Should I be an author on another PhD student's paper if I went to their meetings and gave advice?

Actually, I think you should relax and take your advisor's advice. Collaboration is a good thing, and it is a two-way street. You give a bit and you get a bit. I assume you got an acknowledgement in the paper for your help. I don't think it would be appropriate if you weren't. But authorship is a different thing.

You contributed ideas. Research seminars are often organized to give ideas to researchers but the members don't become co-authors in the normal case.

Congratulate your colleague and, as your advisor suggests, spend your effort on your own work, not raising an objection to someone else's.

But, it is good that you contributed ideas. Do that a lot and you will have a lot of people willing and happy to work with you. Occasionally you may need that help.

Pay it forward.


I am planing in taking it to the head of department.

Let me assure you that this is a bad idea. 99 times out of 100 the department head will not intervene in these matters. Moreover even if they do (again, super unlikely), and you get things your way with this paper, I assure you that this will forever mar your relationship with your advisor. I would be extremely upset if one of my students went over my head like this.

How about you have a discussion with your advisor about how you feel? What constitutes author worthy contribution highly varies between research groups, so I would not be so quick to decide that your contribution suffices (nor am I in a better position than your advisor to make this call). Maybe you can be more involved in follow ups? In relating this work to your own? As Buffy mentions, you’re not just letting it go because that’s the way it is, it’s also because being adversarial will have far reaching repercussions beyond this one paper!

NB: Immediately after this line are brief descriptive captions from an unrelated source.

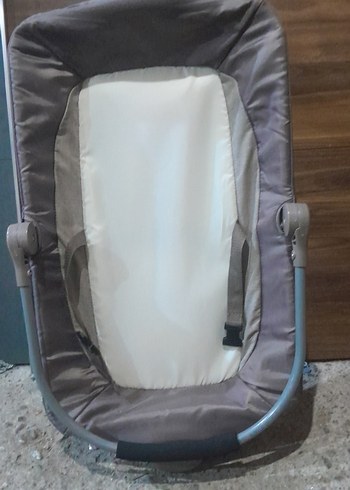 Gri Bebek Yatağı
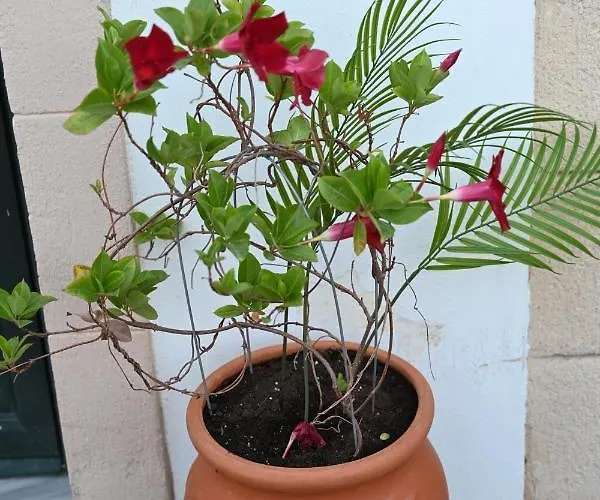 Anthias * Archangelos (Rhodes)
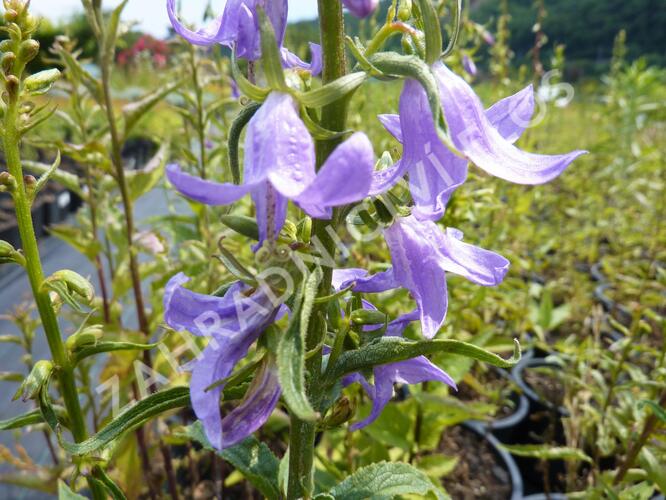 Zvonek bělokvětý 'Neue Hybriden' - Campanula lactiflora 'Neue Hybriden'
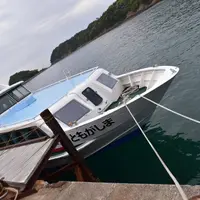 友ヶ島の写真・動画_image_273138
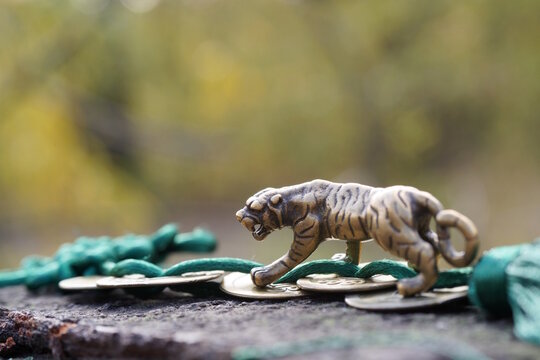 A tiger statuette with Chinese coins.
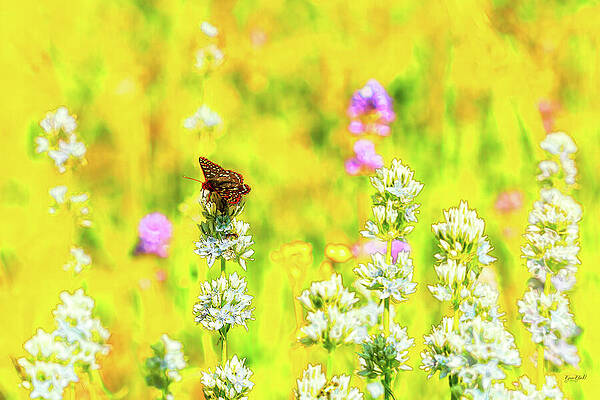 Butterfly on Wildflowers Photograph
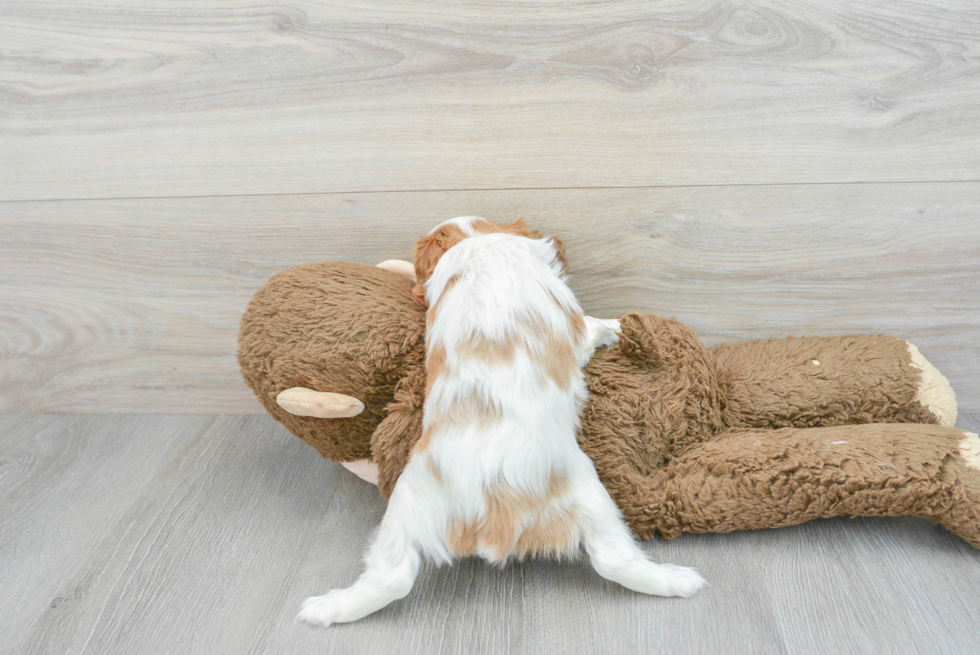 Fluffy Cavalier King Charles Spaniel Purebred Puppy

In my experience, a collaborative approach pays dividends in the long run: Be the person people want to talk research with!

EDIT: To clarify: It is impossible to judge whether X number of hours warrants coauthorship status, as this is very discipline/relationship related. Some PIs think that even a short conversation about the paper and some suggestions warrant coauthorship, others think that unless you actively participate in writing you shouldn't be a coauthor.

Unless something outright unethical is happening (e.g. the OP made major contributions, which is not obvious from the OP), I don't think they have a case, certainly not one department head I've met would intervene in..


You look like you are an expert on a field that your supervisor isn't, and that expertise is necessary for a collaborator to make progress on his thesis. Therefore, I would expect that your supervisor would motivate both of you to work together, so that the other PhD student can benefit from your expertise, and you could benefit from working on a related subject you know about. In that case, co-authorship would be reasonable and come of naturally. I also believe that you would generously offer co-authorship to your collaborator, if things had happened the other way around (i.e. he had provided advice the way you have).

But things evolved differently, so:


Do you deserve to be a co-author?

In my opinion, yes. Judging from your descriptions, it looks like you've been doing lots of "supervisor" work here. As others have noted, a supervisor is anyway included regardless of their contribution. To my understanding, and based on my academic experience as a PhD student, this is not just a "typical" practice; since the supervisor is expected to get co-authorship, they should provide actual supervision (advice, intuition etc). Providing it through a delegate is fine, but I would expect that the delegate receives proper credit.


Should you take action?

No. Unless you don't mind hurting your relationship with your PhD supervisor and possibly triggering a conflict with him. Given the circumstances, I'd suggest you give up on co-authorship, but express your feelings to your supervisor.


Is this fair?

No, at least in the way I perceive academic ethics. Unfortunately, ethics and rules in academia are easily violated in subtle ways. If you are not the one holding power, there's very little you can do without risking a conflict with people who have huge control over your academic future.